Content starts
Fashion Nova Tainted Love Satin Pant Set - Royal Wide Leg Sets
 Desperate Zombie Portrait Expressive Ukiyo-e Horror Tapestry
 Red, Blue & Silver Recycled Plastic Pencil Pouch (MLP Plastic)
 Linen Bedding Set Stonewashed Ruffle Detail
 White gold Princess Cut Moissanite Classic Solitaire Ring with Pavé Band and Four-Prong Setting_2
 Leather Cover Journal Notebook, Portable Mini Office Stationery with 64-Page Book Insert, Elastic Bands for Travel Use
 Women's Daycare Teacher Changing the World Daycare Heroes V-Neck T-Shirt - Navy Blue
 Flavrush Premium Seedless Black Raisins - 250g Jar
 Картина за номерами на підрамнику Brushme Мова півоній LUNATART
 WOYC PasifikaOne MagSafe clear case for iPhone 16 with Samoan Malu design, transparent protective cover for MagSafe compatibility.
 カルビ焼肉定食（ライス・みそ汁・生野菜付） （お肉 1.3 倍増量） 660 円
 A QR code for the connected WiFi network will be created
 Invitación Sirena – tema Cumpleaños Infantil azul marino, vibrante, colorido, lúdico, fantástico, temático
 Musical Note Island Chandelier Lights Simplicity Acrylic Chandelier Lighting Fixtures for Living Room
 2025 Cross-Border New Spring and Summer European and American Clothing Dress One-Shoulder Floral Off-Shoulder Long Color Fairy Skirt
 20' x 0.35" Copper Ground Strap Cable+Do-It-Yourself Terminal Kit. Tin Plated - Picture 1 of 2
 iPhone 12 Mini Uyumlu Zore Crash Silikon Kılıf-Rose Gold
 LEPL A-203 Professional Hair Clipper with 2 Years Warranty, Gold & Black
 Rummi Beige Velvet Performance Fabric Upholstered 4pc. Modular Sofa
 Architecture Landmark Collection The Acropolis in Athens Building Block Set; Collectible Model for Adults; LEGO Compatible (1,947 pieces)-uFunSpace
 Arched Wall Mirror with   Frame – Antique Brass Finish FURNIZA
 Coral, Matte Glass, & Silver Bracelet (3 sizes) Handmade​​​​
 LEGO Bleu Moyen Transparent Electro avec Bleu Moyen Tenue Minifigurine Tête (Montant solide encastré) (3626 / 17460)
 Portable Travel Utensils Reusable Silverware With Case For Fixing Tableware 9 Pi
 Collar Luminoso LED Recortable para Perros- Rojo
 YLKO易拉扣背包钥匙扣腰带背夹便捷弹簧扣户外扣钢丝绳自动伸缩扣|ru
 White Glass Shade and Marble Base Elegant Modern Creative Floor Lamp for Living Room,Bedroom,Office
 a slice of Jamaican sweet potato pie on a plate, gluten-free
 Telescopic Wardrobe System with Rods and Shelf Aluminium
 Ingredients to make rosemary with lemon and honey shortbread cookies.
Content ends
The required output is the lines from the one holding "Picture 1 of 2" through the last line of the entries above, copied exactly.

 20' x 0.35" Copper Ground Strap Cable+Do-It-Yourself Terminal Kit. Tin Plated - Picture 1 of 2
 iPhone 12 Mini Uyumlu Zore Crash Silikon Kılıf-Rose Gold
 LEPL A-203 Professional Hair Clipper with 2 Years Warranty, Gold & Black
 Rummi Beige Velvet Performance Fabric Upholstered 4pc. Modular Sofa
 Architecture Landmark Collection The Acropolis in Athens Building Block Set; Collectible Model for Adults; LEGO Compatible (1,947 pieces)-uFunSpace
 Arched Wall Mirror with   Frame – Antique Brass Finish FURNIZA
 Coral, Matte Glass, & Silver Bracelet (3 sizes) Handmade​​​​
 LEGO Bleu Moyen Transparent Electro avec Bleu Moyen Tenue Minifigurine Tête (Montant solide encastré) (3626 / 17460)
 Portable Travel Utensils Reusable Silverware With Case For Fixing Tableware 9 Pi
 Collar Luminoso LED Recortable para Perros- Rojo
 YLKO易拉扣背包钥匙扣腰带背夹便捷弹簧扣户外扣钢丝绳自动伸缩扣|ru
 White Glass Shade and Marble Base Elegant Modern Creative Floor Lamp for Living Room,Bedroom,Office
 a slice of Jamaican sweet potato pie on a plate, gluten-free
 Telescopic Wardrobe System with Rods and Shelf Aluminium
 Ingredients to make rosemary with lemon and honey shortbread cookies.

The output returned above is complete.